[Start of section]
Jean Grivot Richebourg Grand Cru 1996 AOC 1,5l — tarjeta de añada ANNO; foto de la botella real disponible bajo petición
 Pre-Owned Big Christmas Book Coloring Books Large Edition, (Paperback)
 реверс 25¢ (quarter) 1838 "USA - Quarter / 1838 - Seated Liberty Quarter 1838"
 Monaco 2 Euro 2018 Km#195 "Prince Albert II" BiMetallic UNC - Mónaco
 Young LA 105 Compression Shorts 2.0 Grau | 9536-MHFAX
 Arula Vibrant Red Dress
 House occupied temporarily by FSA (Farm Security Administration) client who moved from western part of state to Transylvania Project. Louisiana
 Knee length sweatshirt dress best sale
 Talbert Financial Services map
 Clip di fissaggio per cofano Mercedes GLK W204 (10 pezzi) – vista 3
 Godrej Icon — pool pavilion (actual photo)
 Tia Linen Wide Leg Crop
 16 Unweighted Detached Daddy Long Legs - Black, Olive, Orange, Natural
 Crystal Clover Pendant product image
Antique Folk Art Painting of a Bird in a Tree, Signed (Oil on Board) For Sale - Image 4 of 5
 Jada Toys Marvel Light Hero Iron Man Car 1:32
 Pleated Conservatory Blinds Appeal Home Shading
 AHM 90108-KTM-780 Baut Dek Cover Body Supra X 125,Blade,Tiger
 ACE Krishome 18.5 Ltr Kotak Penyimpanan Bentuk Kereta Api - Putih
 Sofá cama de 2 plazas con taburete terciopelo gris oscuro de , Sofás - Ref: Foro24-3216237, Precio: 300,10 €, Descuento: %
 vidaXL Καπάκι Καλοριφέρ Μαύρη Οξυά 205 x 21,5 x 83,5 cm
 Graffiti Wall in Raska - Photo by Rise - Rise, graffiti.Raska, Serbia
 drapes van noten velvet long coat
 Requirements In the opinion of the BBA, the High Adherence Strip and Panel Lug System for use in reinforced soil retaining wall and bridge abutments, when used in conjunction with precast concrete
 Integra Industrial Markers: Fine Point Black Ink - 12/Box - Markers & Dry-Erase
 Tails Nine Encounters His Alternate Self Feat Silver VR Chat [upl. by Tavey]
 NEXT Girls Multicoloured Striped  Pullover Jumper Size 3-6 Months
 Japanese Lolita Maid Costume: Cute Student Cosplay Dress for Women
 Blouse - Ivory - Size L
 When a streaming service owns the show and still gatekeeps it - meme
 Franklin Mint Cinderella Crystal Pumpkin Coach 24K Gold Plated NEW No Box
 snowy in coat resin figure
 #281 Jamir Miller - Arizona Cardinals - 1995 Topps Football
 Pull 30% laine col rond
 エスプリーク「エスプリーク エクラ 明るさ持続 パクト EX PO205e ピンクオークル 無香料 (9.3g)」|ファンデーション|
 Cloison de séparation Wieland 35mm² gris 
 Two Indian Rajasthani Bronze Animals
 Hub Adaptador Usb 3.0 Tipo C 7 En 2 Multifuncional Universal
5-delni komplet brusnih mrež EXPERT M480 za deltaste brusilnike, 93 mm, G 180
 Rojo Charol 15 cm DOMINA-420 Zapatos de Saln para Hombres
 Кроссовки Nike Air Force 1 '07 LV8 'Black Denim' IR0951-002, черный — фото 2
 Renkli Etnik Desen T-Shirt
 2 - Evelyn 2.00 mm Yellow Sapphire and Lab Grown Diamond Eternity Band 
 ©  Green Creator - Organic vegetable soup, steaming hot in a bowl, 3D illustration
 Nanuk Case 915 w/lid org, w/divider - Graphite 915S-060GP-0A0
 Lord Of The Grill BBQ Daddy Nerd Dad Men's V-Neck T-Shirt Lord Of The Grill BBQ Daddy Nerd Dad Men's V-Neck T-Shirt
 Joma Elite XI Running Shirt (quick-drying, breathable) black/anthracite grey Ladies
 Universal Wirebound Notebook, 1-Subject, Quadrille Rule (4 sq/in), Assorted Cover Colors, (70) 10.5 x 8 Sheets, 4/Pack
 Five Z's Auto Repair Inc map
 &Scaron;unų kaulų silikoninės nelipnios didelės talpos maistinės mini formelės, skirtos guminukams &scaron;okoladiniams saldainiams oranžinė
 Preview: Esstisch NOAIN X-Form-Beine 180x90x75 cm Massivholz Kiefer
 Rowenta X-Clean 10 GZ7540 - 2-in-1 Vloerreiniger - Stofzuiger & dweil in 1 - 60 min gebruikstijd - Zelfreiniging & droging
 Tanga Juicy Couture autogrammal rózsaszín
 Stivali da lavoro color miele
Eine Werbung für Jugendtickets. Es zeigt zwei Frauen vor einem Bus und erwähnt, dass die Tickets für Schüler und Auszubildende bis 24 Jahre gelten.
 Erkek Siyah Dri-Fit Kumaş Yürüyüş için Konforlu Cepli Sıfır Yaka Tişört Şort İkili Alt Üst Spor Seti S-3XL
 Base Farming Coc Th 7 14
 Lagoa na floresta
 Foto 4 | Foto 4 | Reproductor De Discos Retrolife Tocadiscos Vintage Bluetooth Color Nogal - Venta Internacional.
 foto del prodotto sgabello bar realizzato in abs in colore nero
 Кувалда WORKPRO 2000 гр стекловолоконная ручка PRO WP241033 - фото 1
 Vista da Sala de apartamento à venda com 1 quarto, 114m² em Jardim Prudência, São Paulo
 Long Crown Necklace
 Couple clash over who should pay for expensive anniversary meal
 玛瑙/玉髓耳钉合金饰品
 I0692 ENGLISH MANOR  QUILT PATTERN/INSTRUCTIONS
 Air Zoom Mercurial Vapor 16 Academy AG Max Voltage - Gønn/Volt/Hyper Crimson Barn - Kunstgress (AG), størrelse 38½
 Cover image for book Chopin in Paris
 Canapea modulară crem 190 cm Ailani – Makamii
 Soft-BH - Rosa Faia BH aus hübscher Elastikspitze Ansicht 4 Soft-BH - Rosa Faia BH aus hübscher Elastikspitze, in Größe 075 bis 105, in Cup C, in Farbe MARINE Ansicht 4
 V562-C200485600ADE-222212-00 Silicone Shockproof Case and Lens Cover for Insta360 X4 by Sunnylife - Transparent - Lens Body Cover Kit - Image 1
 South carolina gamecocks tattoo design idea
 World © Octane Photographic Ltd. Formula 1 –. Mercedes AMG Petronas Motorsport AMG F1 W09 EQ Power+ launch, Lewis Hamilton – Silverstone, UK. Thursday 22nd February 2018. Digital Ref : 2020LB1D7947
[End of section]
Task requirements: Print only these lines, please. They run from the start of the entries above to the line containing "Clip di fissaggio", both ends included, and must match exactly.

Completed exercise:
Jean Grivot Richebourg Grand Cru 1996 AOC 1,5l — tarjeta de añada ANNO; foto de la botella real disponible bajo petición
 Pre-Owned Big Christmas Book Coloring Books Large Edition, (Paperback)
 реверс 25¢ (quarter) 1838 "USA - Quarter / 1838 - Seated Liberty Quarter 1838"
 Monaco 2 Euro 2018 Km#195 "Prince Albert II" BiMetallic UNC - Mónaco
 Young LA 105 Compression Shorts 2.0 Grau | 9536-MHFAX
 Arula Vibrant Red Dress
 House occupied temporarily by FSA (Farm Security Administration) client who moved from western part of state to Transylvania Project. Louisiana
 Knee length sweatshirt dress best sale
 Talbert Financial Services map
 Clip di fissaggio per cofano Mercedes GLK W204 (10 pezzi) – vista 3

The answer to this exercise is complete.